The frontend ProcessingQueueContext has a polling fallback for hostile network paths (corporate proxies that buffer SSE, mobile networks that close idle connections):
EventSource open
│
├── onmessage(progress | completed | error) → update store, normal flow
│
└── onerror after >5s with no events → close EventSource
│
└── setInterval(3000ms):
GET /vacancies/{id}/status
until status is terminal (GENERATED | FAILED)
The status endpoint returns the same {stage, progressPercent, status} shape, so the UI can render from polling output exactly the way it renders from SSE output.
PDF rendering happens on demand, not at generation time. The cv_content JSON is the source of truth; PDF is a view.
GET /pdf/records/{recordId}
│
├── RecordOwnershipService.assertRecordOwnership(currentUser, recordId)
│
├── CvTemplateAccessService.assertTemplateAccessible(userId, templateId)

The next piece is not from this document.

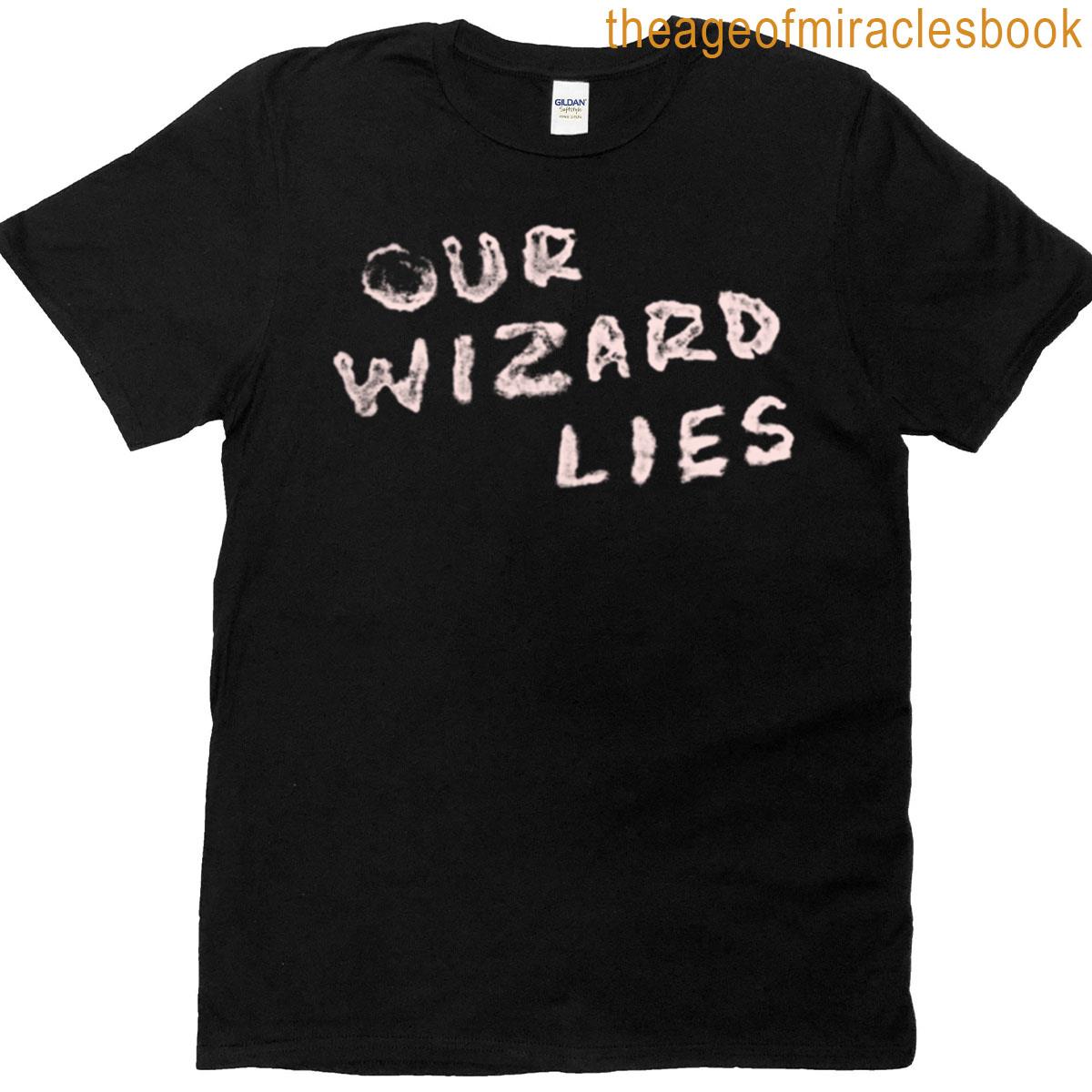 Our Wizard Lies Skywriting T-shirt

│ └── EntitlementService.hasPremiumAccess(userId) if PRO template
│
├── Load cv_content (JSON) → AiCvCraftedDTO
│
├── CvTemplateRegistry.get(templateId) → CvTemplate bean
│
├── CanonicalCvRenderer.render(template, dto) → PDDocument (GraphCompose)
│
└── StreamingResponseBody writes to HTTP response
Content-Disposition: attachment; filename="John Doe - Example Corp - CV.pdf"

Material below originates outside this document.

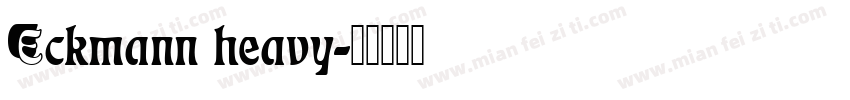 Eckmann heavy字体转换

Files are never written to disk on the server — the PDFBox PDDocument is rendered into the response output stream and discarded. This keeps disk usage flat regardless of traffic.
The "regenerate with extra instructions" feature is the same pipeline as generation, with two differences:
- No scrape —
job_descriptionis reused from the original record. - Augmented prompt — the user's extra instructions are appended to the base prompt.
The new generation overwrites cv_content, creates a new token_usage row, and adds a record_status_history entry. The pre-regeneration cv_content is not kept (no version history on the CV body itself — only on metadata). This was a deliberate trade-off: storing every revision adds significant DB volume for marginal UX value, and the editor already lets users undo within a session.
The pipeline-then-SSE shape was chosen over a synchronous "process and return" because:
- AI rewrites take 8–25 seconds. A blocking HTTP request is fragile (proxy timeouts, page navigations, mobile tab freezing).
- SSE gives the user honest progress, which makes the wait feel shorter and the failure modes obvious.
- The async record exists as soon as the request is accepted, so users can leave and come back — the result will still be there.
- Token usage is recorded per call, attributable per user and per record, which is the foundation for both cost analytics and any future rate-limiting.
The two-tier scraping was chosen over Playwright-only because:
- HTTP + JSON-LD is roughly 50× faster than spinning a browser, and works for the simple postings that don't paywall content.
- Playwright is necessary for bot-walled sites (LinkedIn especially) but expensive per call. Reserving it for fallback keeps p50 latency low.
- The sanitizer-then-fallback flow means we never persist garbage when the HTTP path returns a captcha page.